### [How to complete this task]
Copy the closing run of lines, from the one with "18GTspirit Chevrolet Corvette C8 Z06 2023 1" through the last line of the listing, exactly and without any pictures.

########################################

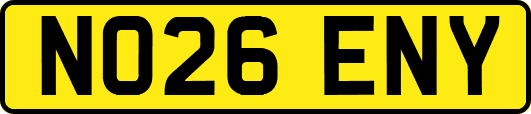 NO26ENY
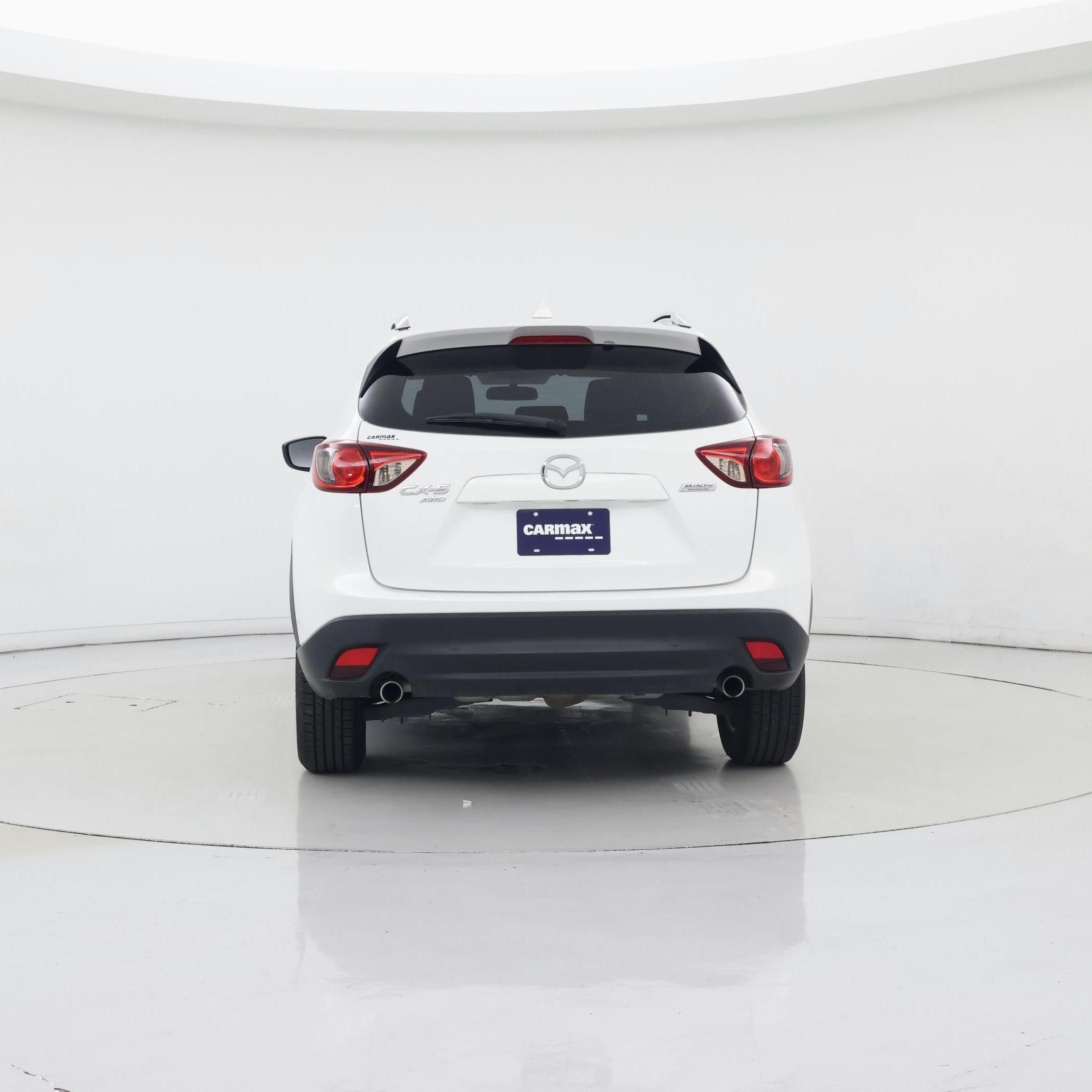 Thumbnail: 2016 Mazda CX-5 - 6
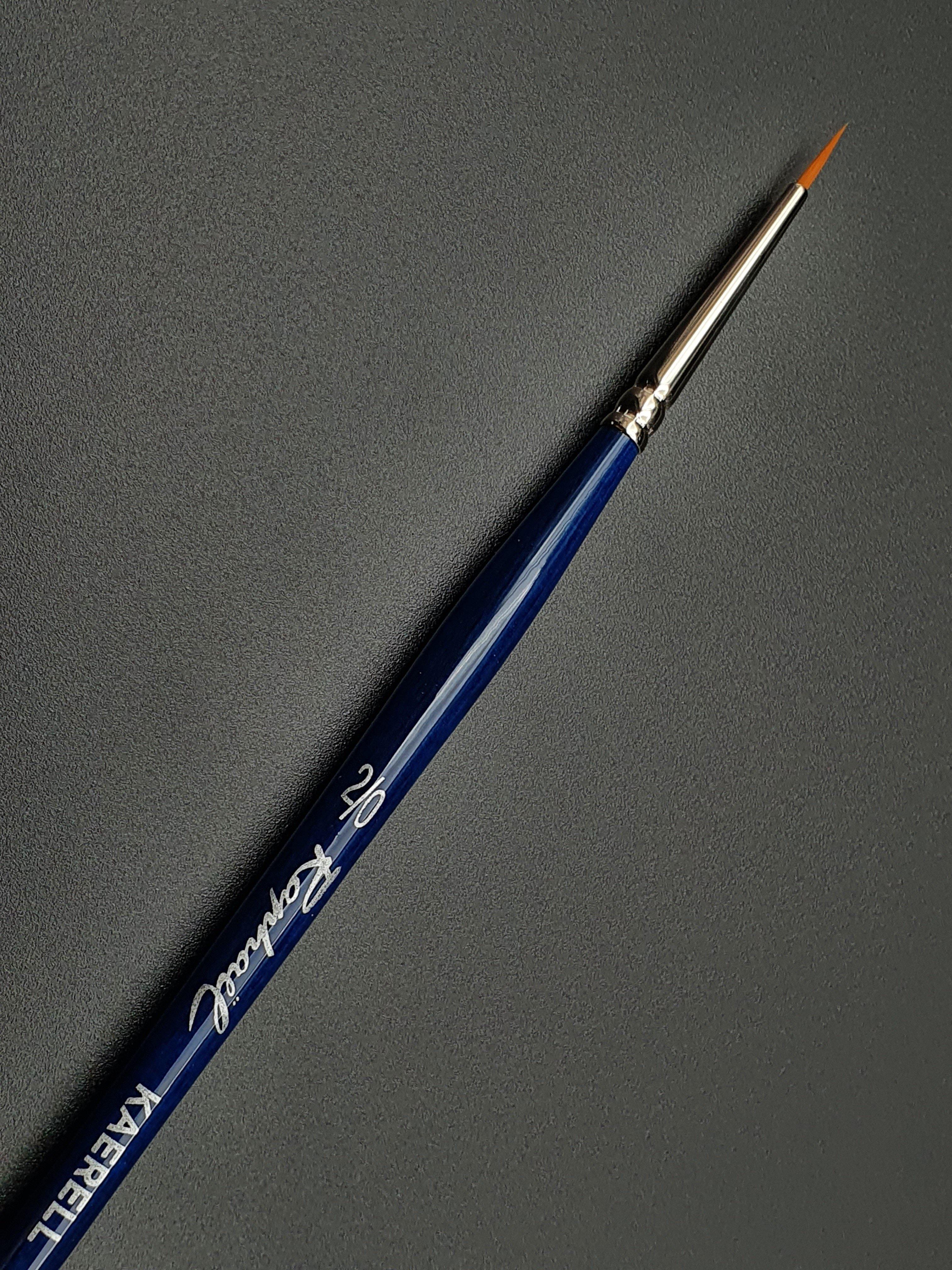 Brush Raphael Kaërell 8204 — Synthetic Round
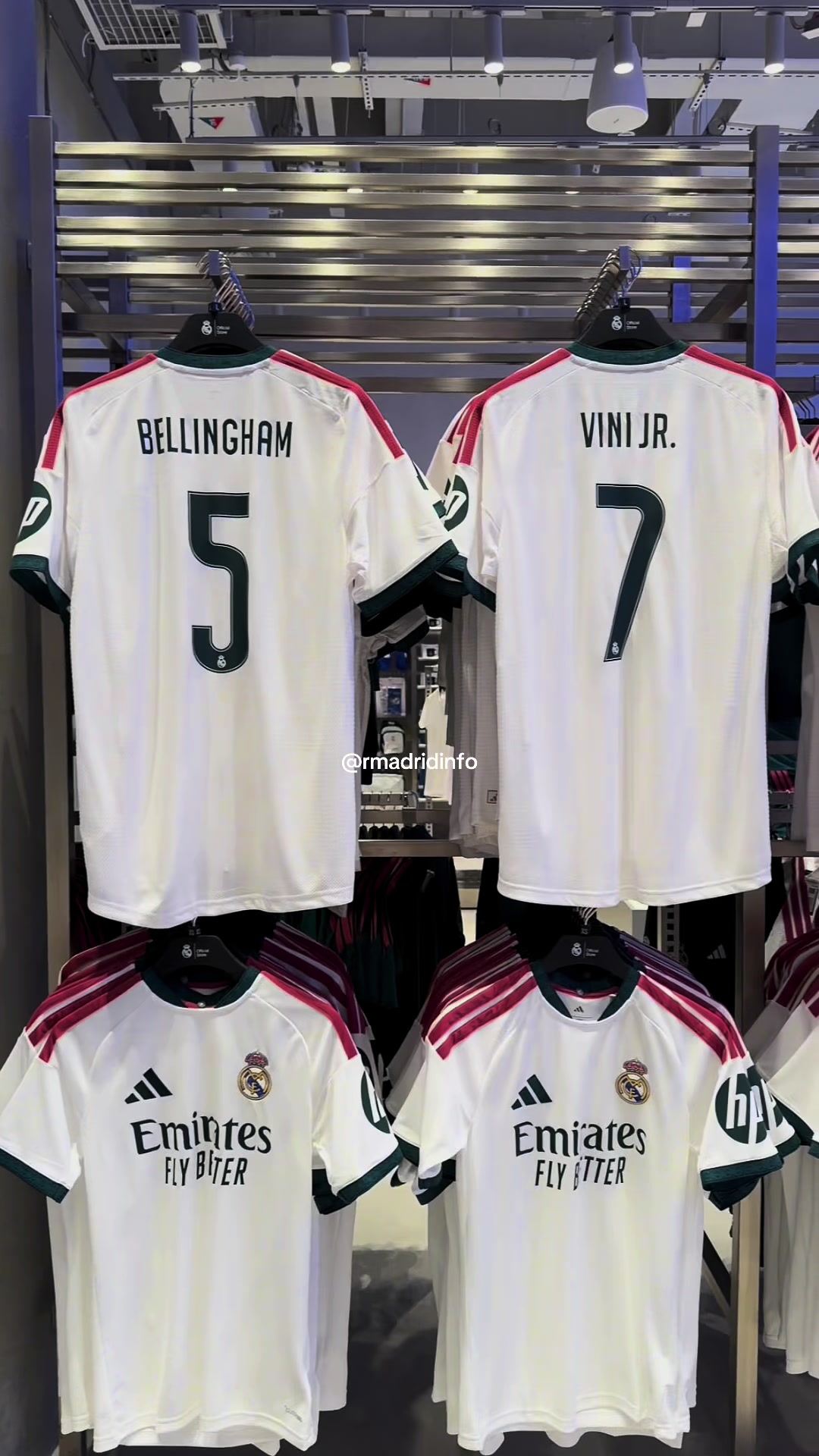 @Real Madrid Info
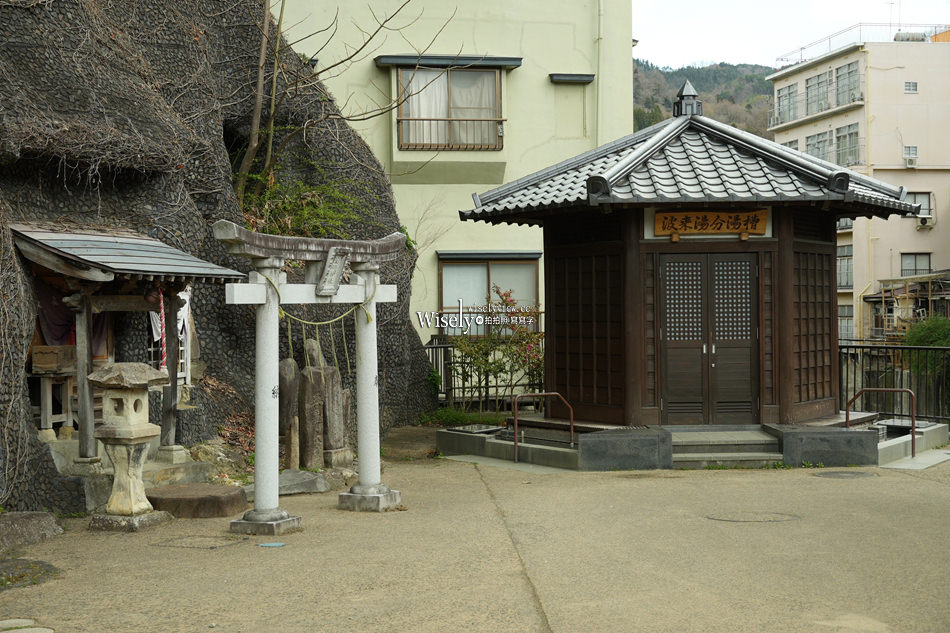 福島景點。飯坂溫泉 交通景點票券︱鯖湖湯、波來湯、舊堀切邸、桃花之里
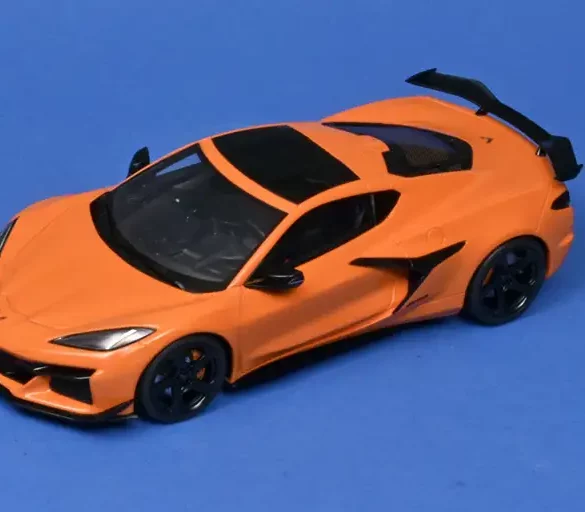 18GTspirit Chevrolet Corvette C8 Z06 2023 1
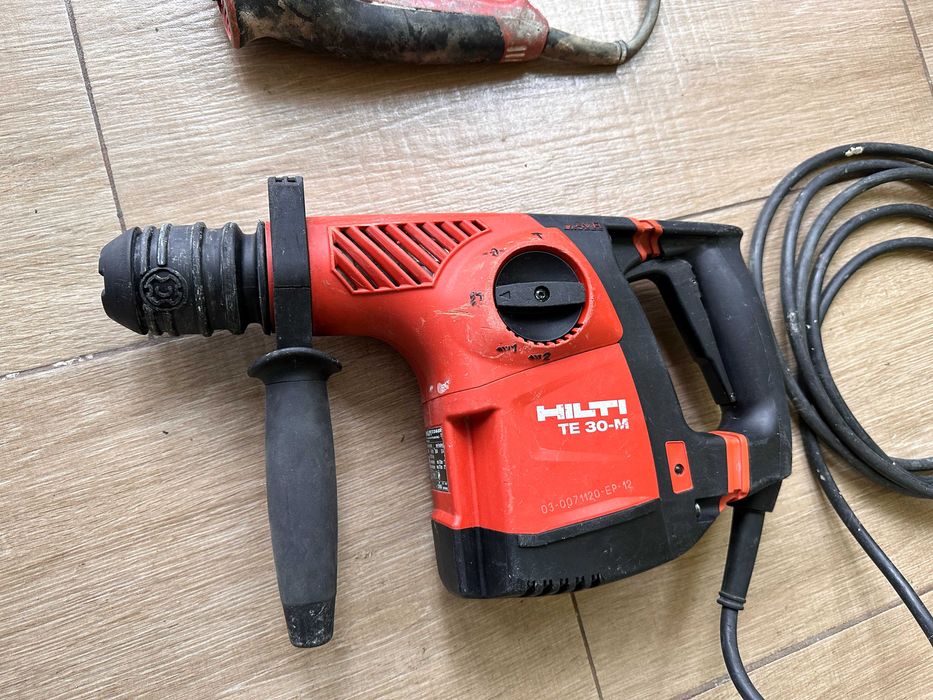 ЗАЯВЕН Перфоратор SDS-plus 230 V, 900 W, Hilti TE 30-M-AVR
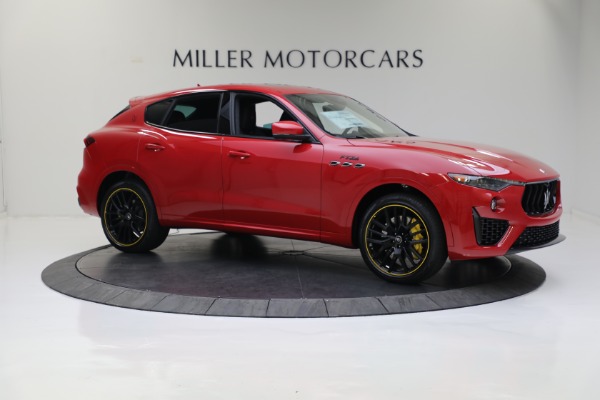 New 2022 Maserati Levante F Tributo for sale Sold at Alfa Romeo of Greenwich in Greenwich CT 06830 12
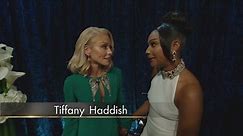 Tiffany Haddish at the Oscars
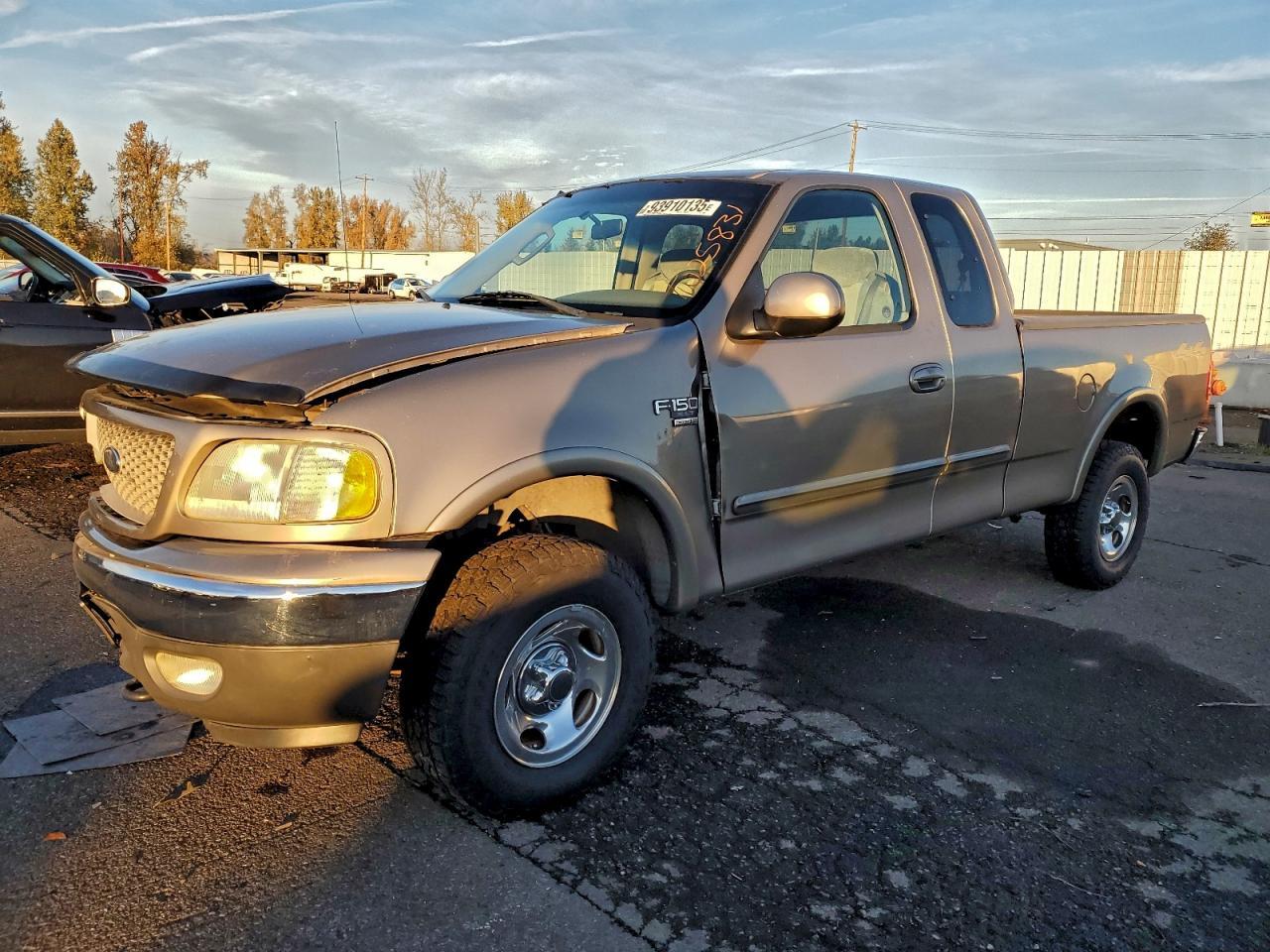 2002 Ford F150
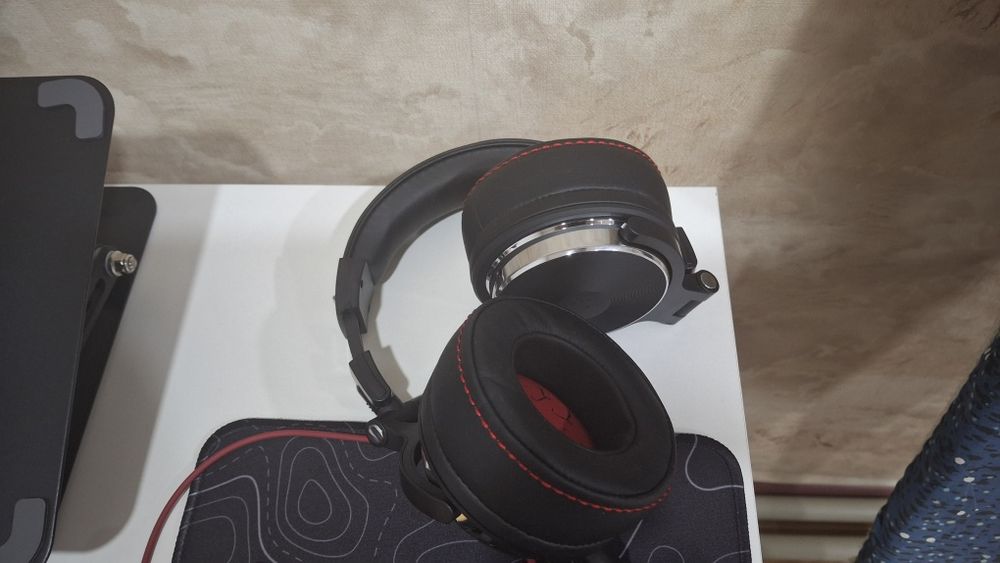 Наушники Про студио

########################################

### [Answer for the task]
 18GTspirit Chevrolet Corvette C8 Z06 2023 1
 ЗАЯВЕН Перфоратор SDS-plus 230 V, 900 W, Hilti TE 30-M-AVR
 New 2022 Maserati Levante F Tributo for sale Sold at Alfa Romeo of Greenwich in Greenwich CT 06830 12
 Tiffany Haddish at the Oscars
 2002 Ford F150
 Наушники Про студио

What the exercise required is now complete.